Hello Ann I have never seen the Magic Cable pattern - could you tell me where I can download it from - just looks lovely. Lynette


----------



## KnittyGritty800 (Apr 1, 2014)

Beautiful work!!


----------



## dancewithmarg (Oct 2, 2012)

I first started doing the Magic Cable sweaters after I saw Ricki Mundstock at one of Pat's workshops in Hamilton, long time ago. I loved making them and made lots,until I had to get rid of my standard machine when I moved. If you buy the pattern, you should also buy the punch card to go with it, otherwise you'll have a lot of punching to do.

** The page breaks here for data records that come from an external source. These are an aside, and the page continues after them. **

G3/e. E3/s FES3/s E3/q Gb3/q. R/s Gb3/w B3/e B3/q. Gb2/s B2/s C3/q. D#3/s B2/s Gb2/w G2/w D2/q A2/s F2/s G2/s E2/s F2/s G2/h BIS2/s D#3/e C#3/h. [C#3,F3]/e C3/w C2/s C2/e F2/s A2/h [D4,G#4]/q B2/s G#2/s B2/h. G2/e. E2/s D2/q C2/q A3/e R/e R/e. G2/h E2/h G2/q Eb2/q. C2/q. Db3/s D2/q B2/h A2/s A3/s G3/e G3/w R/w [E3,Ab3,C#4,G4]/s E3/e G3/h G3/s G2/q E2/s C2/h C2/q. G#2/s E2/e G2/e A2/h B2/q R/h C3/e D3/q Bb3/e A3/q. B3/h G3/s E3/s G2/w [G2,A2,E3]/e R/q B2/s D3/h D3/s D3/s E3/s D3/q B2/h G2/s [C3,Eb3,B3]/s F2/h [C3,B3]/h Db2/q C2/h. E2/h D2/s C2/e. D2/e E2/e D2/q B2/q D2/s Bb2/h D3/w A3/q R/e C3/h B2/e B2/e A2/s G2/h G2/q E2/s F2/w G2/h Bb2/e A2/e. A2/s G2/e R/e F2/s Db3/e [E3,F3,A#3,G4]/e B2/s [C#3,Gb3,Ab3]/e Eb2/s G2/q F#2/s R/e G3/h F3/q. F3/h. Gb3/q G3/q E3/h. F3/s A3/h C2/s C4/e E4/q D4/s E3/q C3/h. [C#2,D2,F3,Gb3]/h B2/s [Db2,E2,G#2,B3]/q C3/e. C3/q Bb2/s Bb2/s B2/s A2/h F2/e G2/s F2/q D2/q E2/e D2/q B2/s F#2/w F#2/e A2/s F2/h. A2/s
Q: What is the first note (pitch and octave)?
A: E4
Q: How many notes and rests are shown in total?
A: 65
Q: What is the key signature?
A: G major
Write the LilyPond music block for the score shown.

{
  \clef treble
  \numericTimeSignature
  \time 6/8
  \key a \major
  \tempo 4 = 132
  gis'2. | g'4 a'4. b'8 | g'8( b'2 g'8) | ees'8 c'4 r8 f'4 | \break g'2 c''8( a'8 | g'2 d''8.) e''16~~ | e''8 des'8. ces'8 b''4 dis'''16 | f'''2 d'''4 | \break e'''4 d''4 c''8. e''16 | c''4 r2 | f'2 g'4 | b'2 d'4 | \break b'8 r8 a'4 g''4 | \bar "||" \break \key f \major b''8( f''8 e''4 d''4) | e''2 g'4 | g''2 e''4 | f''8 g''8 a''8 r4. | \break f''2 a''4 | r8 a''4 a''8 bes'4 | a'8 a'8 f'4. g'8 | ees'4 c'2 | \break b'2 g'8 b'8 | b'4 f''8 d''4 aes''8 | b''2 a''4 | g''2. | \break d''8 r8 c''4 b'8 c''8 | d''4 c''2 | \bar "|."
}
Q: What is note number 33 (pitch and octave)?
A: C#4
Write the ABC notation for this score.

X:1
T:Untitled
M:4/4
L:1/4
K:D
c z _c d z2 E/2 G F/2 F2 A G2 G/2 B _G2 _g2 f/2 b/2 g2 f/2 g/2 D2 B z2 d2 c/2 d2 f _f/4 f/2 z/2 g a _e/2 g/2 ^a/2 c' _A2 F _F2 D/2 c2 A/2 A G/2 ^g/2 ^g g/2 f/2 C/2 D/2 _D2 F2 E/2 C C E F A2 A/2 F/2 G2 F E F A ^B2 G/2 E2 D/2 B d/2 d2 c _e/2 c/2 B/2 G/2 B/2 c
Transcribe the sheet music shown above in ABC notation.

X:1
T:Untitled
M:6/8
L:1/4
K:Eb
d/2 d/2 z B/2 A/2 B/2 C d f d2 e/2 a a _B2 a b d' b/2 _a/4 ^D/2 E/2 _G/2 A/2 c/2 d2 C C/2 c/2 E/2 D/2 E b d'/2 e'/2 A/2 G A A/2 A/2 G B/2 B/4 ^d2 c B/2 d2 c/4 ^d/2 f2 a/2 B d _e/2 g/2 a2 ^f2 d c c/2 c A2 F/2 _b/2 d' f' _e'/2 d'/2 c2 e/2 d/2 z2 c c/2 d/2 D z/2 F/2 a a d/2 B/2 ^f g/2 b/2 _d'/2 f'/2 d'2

The only one I found that went skew-whiff was the candy cane sweater, I frogged that after the first front and never did complete it. I agree they are fun and easy to do.


----------



## jeannie2954 (Apr 19, 2011)

Beautiful sweater, great job, thanks for sharing.


----------



## evelynetricot (Jun 19, 2015)

wonderful sweater!
do you have a pattern that you can share ?
I am also very interested in your neckband. looks so profesional and I do not know how to make something as pretty
;o))


----------



## suedenie (Nov 15, 2015)

We need a bit of motivation sometimes. Hope your jumper is successful. Let us all see it here on KP when you've completed it.


----------



## suedenie (Nov 15, 2015)

I've been out today I meet up with a few friends who all machine knit. The eldest Anne being 91. She nearly always produces something, puts us to shame, I wore my magic cable Jumper, none could make our minds up what colour it was. It looked a duckegg green on the cone, after it was knitted up, it was more sea green. It did look nice and was lovely and warm. Thank you for your message.


----------



## suedenie (Nov 15, 2015)

It was only while I was looking through my folders of machine Knitting patterns that inspired me to knit a magic cable. I love the designs especially the big patterns for electronic Knitting machines. We buy all these books and wool, and once we get going we wonder why haven't done them for yonks. Just seen the weather forecast for UK on Friday, looks a bit cold & snowy, I think I might knit another one. Hope yours turns out as planned. Bye for now Sue


----------



## randiejg (Oct 29, 2011)

GrammaAnn said:


> That is really great ! I love Magic Cables patterns - so simple and look great! I always get comments on mine when I wear them. Thanks for sharing your work!  Ann


I've made a few as well, and do get a lot of comments. They are quite easy once you get going.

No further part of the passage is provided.